Hey - it would be most helpful to post user questions in the scverse forum - there, other users encountering the same question will be able to find a response easier :)

Here, to take care of bugs in scanpy, it is most helpful for us if you are able to share public data/a small part of it/a synthetic data example so that we can check whats going on. Would it possible to you to supply something like that, such that I can reproduce your example myself?

From a first glance, with seurat_v3 requiring count data, it is important that your .X (becoming the layer you refer to as counts) indeed contains counts, otherwise loess quickly runs into stability issues.

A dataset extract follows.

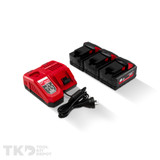 Milwaukee 3 Piece 18V M18FPP3A3502B Combo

ivirshup commented 3 months ago

From a first glance, with seurat_v3 requiring count data, it is important that your .X (becoming the layer you refer to as counts) indeed contains counts, otherwise loess quickly runs into stability issues.

I would expect there would be a warning here if this were the case, since check_values defaults to True.

But at least this person had the same error caused by passing in normalized values:

The author of scikit-misc says:

pass surface="direct"

to the loess solver based only off the error message. So maybe we can enable that.

I don't know enough about loess to be able to say why that would fix this. It would be interesting to see the data that caused this error. I would definitely want to have a reproducible case before attempting a fix.

FlowerPurr commented 3 months ago

My code also has the same bug problem, may I ask, how to solve it?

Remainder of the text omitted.